To add some additional drama to the day, President Donald Trump tossed in his two cents on monetary policy:

“The Fed is making a mistake,” he told reporters on Wednesday as he arrived in Pennsylvania for a campaign rally. “They’re so tight. I think the Fed has gone crazy.”

Trump is setting the stage to blame the Fed should the economy tank. Luckily, I don’t think that’s about to happen. It is important to remember that the Fed’s rate forecast will only hold in a solid economic environment that is generally supportive of equities. If the economy tilts downward more quickly than expected, the Fed will reel back on those rate forecasts. They might hem and haw before they shift, but most likely they will shift. If the economy faces a clear economic challenge, the Powell put will become a reality.

There are, however, two caveats to this prediction. One is just straight-up policy error, misreading the data. The second caveat, which is what concerns me, is that the Fed reaches a point where they don’t think they can ease due to inflationary pressures. As a general rule, central bankers think that inflation expectations are sufficiently well contained that they can maintain a gradual path of rate hikes. I think this also means that they will be react to a substantial change in the economic outlook – a greater slowdown than they anticipate – with a shift toward a more dovish policy path. But there of course is a chance that inflationary pressures emerge such that they think they need to defend their inflation target. In my opinion, in such a circumstance they will choose recession over inflation.
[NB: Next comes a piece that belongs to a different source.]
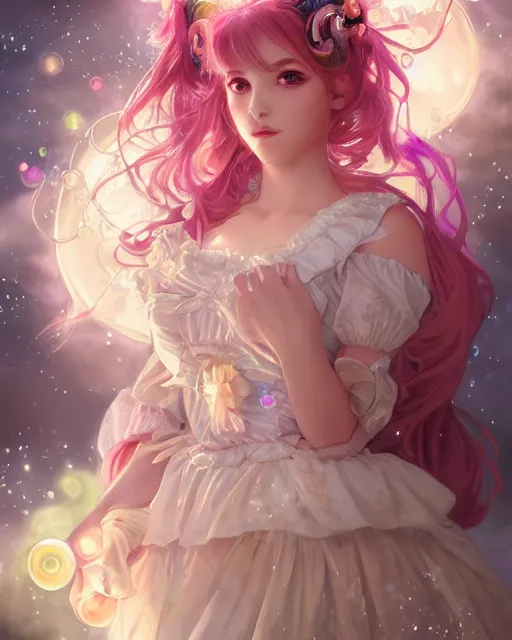 Image similar to portrait of magical lolita girl, dreamy and ethereal, expressive pose, big gold eyes, exciting expression, fantasy, intricate, elegant, many rainbow bubbles, rose tones, highly detailed, anime, artstation, concept art, cyberpunk wearing, smooth, sharp focus, illustration, art by artgerm and greg rutkowskiand alphonse mucha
Bottom Line: Don’t panic. Yet. The Fed’s rate path might be higher and more uncertain than anticipated, but this largely reflects a more positive economic outlook. That’s ultimately a good thing. Watch the inflation numbers. Inflation is what could sour the Fed’s plan and its willingness to respond to a substantial deterioration in the outlook.
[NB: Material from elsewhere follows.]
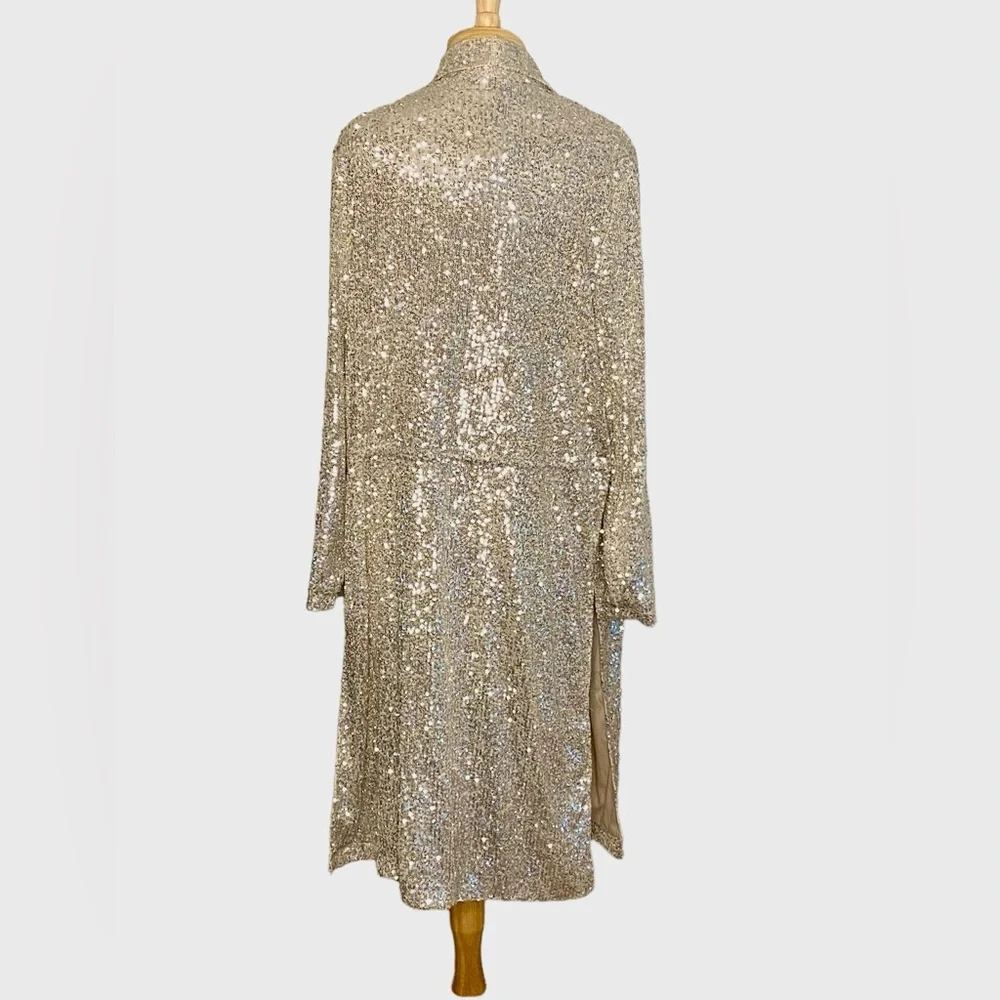 STEVE MADDEN Show Stopper Duster Silver Disco NWT Small - Picture 7 of 10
This Fed Won’t Panic At The First Sign Of Slower Growth

Recent speeches by Federal Reserve policy makers make clear that they have reduced their reliance on estimates of the long run neutral level of interest rates as a guide for monetary policy. Going forward, market participants will need to more closely scrutinize the central bank’s Summary of Economic Projections for clues as to where rates may be headed.

Those forecasts currently point to a fairly hawkish path for monetary path. Not only do they indicate policy will eventually turn restrictive, but they also suggest policy will remain restrictive even as economic growth slows. In other words, the Fed doesn’t anticipate turning tail on their policy path even if the economy dips next year.